Congress has mandated criminal background checks for any CDL applicant seeking a hazardous materials endorsement, but many carriers would like to do criminal background checks on all driver applicants. Without access to the federal database, that's expensive and often unreliable. One fleet manager confided that one of their best screening devices right now is to send a driver to Canada. "Border officials have access to the national criminal background database," he explained, "and they won't admit convicted felons."
Getting drug test information is another problem. Federal regulations say carriers must query previous employers to find out if a driver has failed or refused a drug or alcohol test in the previous two years. Fearing lawsuits, many carriers won't respond.

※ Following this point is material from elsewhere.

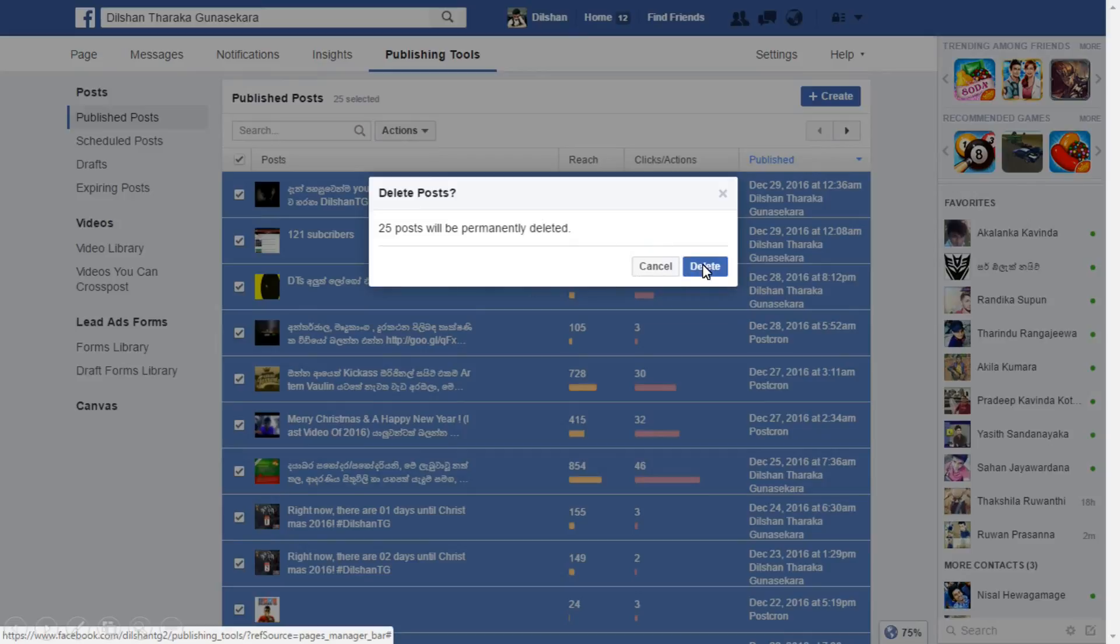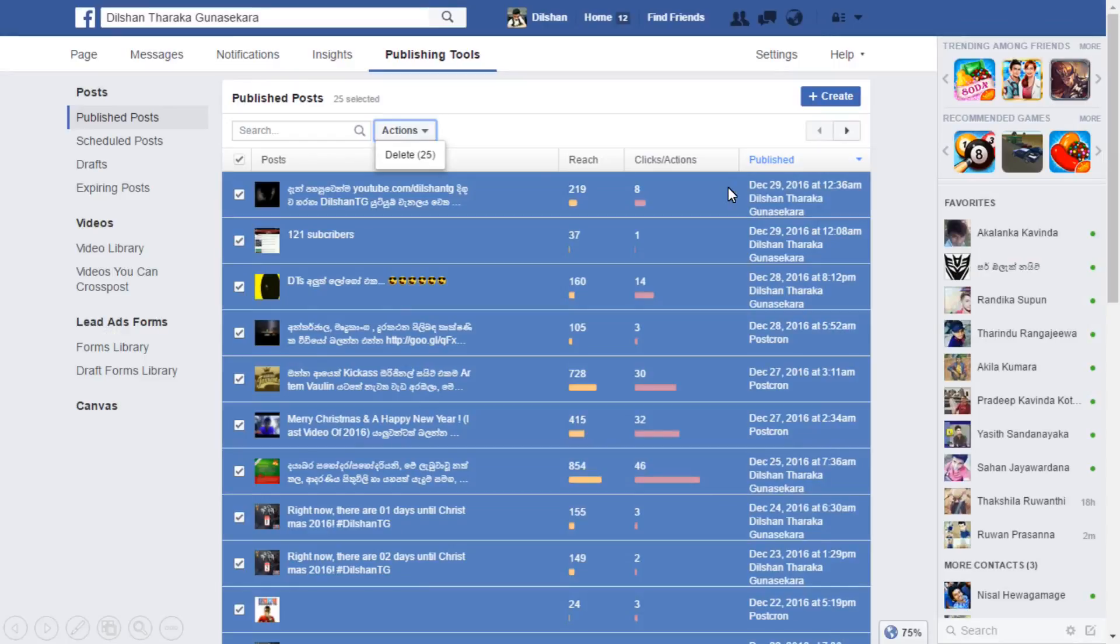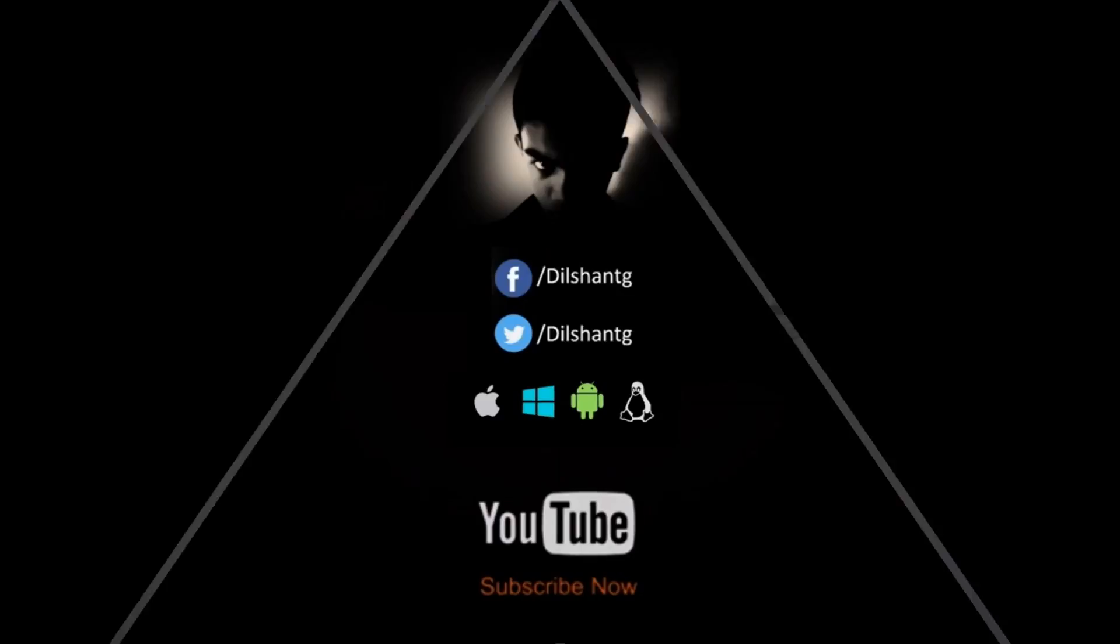Please subscribe to the YouTube channel and like the Facebook page. Thank you for watching the video.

As Cornell noted, carriers are paranoid about providing any information that might get them involved in a defamation suit. "It totally circumvents all of our goals," he said. "If I want to hire a driver who used to work for you and you won't tell me anything about that driver, I'm doing nothing more than putting a driver back on the road that you know is a problem."
The Safety Defense
No matter what happens with tort reform, a carrier's best hope for avoiding expensive lawsuits is to remain alert and aware.
Tucker advises a thorough investigation as quickly as possible after an accident. Often, he explained, plaintiff attorneys delay filing suit because "witnesses get lost and memories fade." Therefore it's important to get witness names, addresses and statements. Drivers should be trained to observe and make notes of everything that happened. He also recommends that every vehicle carry a single-use camera so drivers can take pictures of accident scenes.
Plaintiff attorneys will dig through safety records to find breaks in compliance that might be used against a carrier. An exemplary safety program may not be useful as a defense, but it eliminates noncompliance as an issue, said Tucker.
Park said his attorney actually warned him that a jury might hold him to a higher standard of responsibility because of his clean record and professional attitude. Still, he advises his readers to strictly follow all rules. "The only way to protect yourself is to simply do everything right," he said.
And despite the frustrations, management has to remain committed. "If a driver has an accident I ask myself "What did I not tell the driver that I should have? What did I not provide that I should have?'" said Cornell. "That's not necessarily because I can do everything in the world. I can't be there to watch every driver 100% of the time. But you have to have that mentality. If you don't, you really don't care."